I would break this up. I drew some lines. The crew and the research-cosmonaut, I’m calling that…that’s a part of the mission. The mission knows the crew key and that there’s going to be position keywords under that. Training is part of the crew member — the person. The centrifuge and status, that is something that I’m going to call training record.
I’m breaking this up into different parts. I think two or maybe three is probably the longest path you should use, so this will work for this.
Sorry, I had the diagram here. Mission, person, and training. That means we’re going to have to make name spaces for these.
Up at the top, we have the training. We are going to do a set-status. It takes the training record, and it takes the name of the training, and it sets the status in that record. Very easy. All this code is very easy to write, by the way. That’s the nice thing about it.
Person. Instead of knowing what the training record looks like, it calls the training set-status on whatever is in its training key. Mission doesn’t know what the person record looks like. It just knows where to find it and then what operation it’s trying to call on it. This a separation so that they can evolve separately. They can change separately.
If you’ve got a couple of paths like that in your code, some deep assoc-ins or update-ins, you’re coupling the structure of those maps all along that path to this other place in the code where it’s just being used. You want to have these isolated entities that you can deal with on their own. Modify, update, and evolve on their own.
Then, what this turns into is we have these layers on top of libraries. We have our training layer. Then a person refers to that training layer, so we’ll put it above it. Then a mission has many people in it, so that goes above it. There’s probably some more in there, but somewhere up top we’ve got the UI.
In the OO world, they talk about this all the time. They call it the Law of Demeter. In the OO world, you’re not supposed to do a long chain where you’re like the missions, crew members, research cosmonauts, training…you know, the dot. You can’t have a long chain of dots.
That’s actually considered bad form because you’re tying in that whole chain. You’re reaching into the object and you have to know so much about this huge chain of objects. You should know as little as possible about everything down the line, how things are implemented.
I mention object-oriented programming and the Law of Demeter. I expect that someone out there is thinking, “Aren’t I just encapsulating? It’s all supposed to be data. Why would you want to encapsulate this?”
My answer is we are encapsulating, and it is just data. They’re not in conflict. We’re encapsulating it mentally. Mentally, we can operate on this map as if it were this very small, well-understood thing. But then, at the end of the day, it is just data.
There’s actually a tension between a map, a generic key-value store, and an entity, which is a thing which has meaning and its own operations — the things that are valid — on it. We can move between these two, and we have to be conscious of where we are or how we’re thinking about it when we’re writing code.
There’s nice things about treating it just like a map. It’s an entity, but it’s also we can treat it like a map. You can print it out. You can serialize it to JSON. You can enumerate the keys if you need to. You can store it in a database, compare it with equals. There’s all these things that we can do when we just treat it like data.
That’s great. You can’t do that with a class, an object-oriented class. You have to write your own equals method. You have to write your own hash code. With this, it’s a map. It just works with all these things that work well with maps.
Lastly, I want to say that you don’t have to do the design up front. At the REPL, you can do an assoc. You can do an update-in right there without writing the operation. You can figure it out first. You can write those in your UI. Then later, refactor it out. It’s faster, but you should refactor it out, at some point, into the entity.

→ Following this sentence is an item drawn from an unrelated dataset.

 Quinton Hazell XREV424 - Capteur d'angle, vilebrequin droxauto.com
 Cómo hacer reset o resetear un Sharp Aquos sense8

When we’re talking about the entity, we’re talking about domain operations — a small, defined set of things that are valid to do on this object. It makes it conceptually smaller, easier to understand. It lets us program at high level.
It also lets us maintain these invariants. You wouldn’t want a crew member with an empty name or number for the name. This is something that a map will never be able to do, but if you put constraints in there you can have an entity that makes sense.
At this point, I just want to talk about some more tricks and ways to think about this. What we’re talking about here with all these layers of meaning is called stratified design. We talk about it in the structure and interpretation of computer programs.
The idea behind stratified design is that you’re building layers of meaning on top of existing layers of meaning, and there’s some constraints to it.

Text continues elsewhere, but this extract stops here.